New York lawmakers pass bill limiting courthouse ICE arrests
The measure, known as the Protect Our Courts Act, had the support of immigrants’ rights groups as well as district attorneys in Brooklyn, the Bronx and Manhattan. Queens DA Melinda Katz has said she also supports efforts to keep ICE away from the courts.
The prosecutors say the specter of ICE agents in and around courthouses inhibits the justice system by discouraging witnesses and victims from coming forward and visiting court.
At least seven people were arrested inside courthouses, including one in Criminal Court, in 2019, according to the Office of Court Administration.
A January report by the Immigrant Defense Project identified at least 203 courthouse ICE arrests and sightings statewide in 2019. Queens accounted for the second highest number of any county in the state, with 34; Brooklyn was highest with 38. A pregnant mother from Queens Village was arrested outside Queens Family Court last summer and nearly deported.
At least 32 people were arrested by ICE agents in and around courthouses in Queens in 2018, IDP reported.
“At a moment of national reckoning around law enforcement’s abuse of power and role in society, this historic passage of the Protect Our Courts Act sends a clear message that New York State will not tolerate ICE’s fear-inducing tactics,” said Legal Aid’s top immigration attorney, Hasan Shafiqullah.
State Attorney General Letitia James and Brooklyn District Attorney Eric Gonzalez sued the federal government in September 2019 to prevent ICE activity at courthouses.
James and Gonzalez, along with defense attorneys and immigrants’ rights organizations who filed a separate lawsuit, said the federal law enforcement agency encroaches on state sovereignty by making courthouse arrests unrelated to court matters.
The legislation, which requires Gov.
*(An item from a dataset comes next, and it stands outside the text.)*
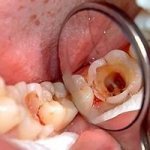 Fibrous pulpitis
Andrew Cuomo’s signature, would codify an April 2019 directive from the Office of Court Administration banning ICE agents from making courthouse arrests without a warrant signed by a judge.
“ICE’s malicious practice of arresting people at courthouses strikes at the heart of the due process rights our court system is built to protect,” said New York Civil Liberties Union policy counsel Zachary Ahmad. “Allowing this practice to continue would have a chilling effect that would prohibit people from seeking justice in the courts for reasonable fear of profiling and arrest.”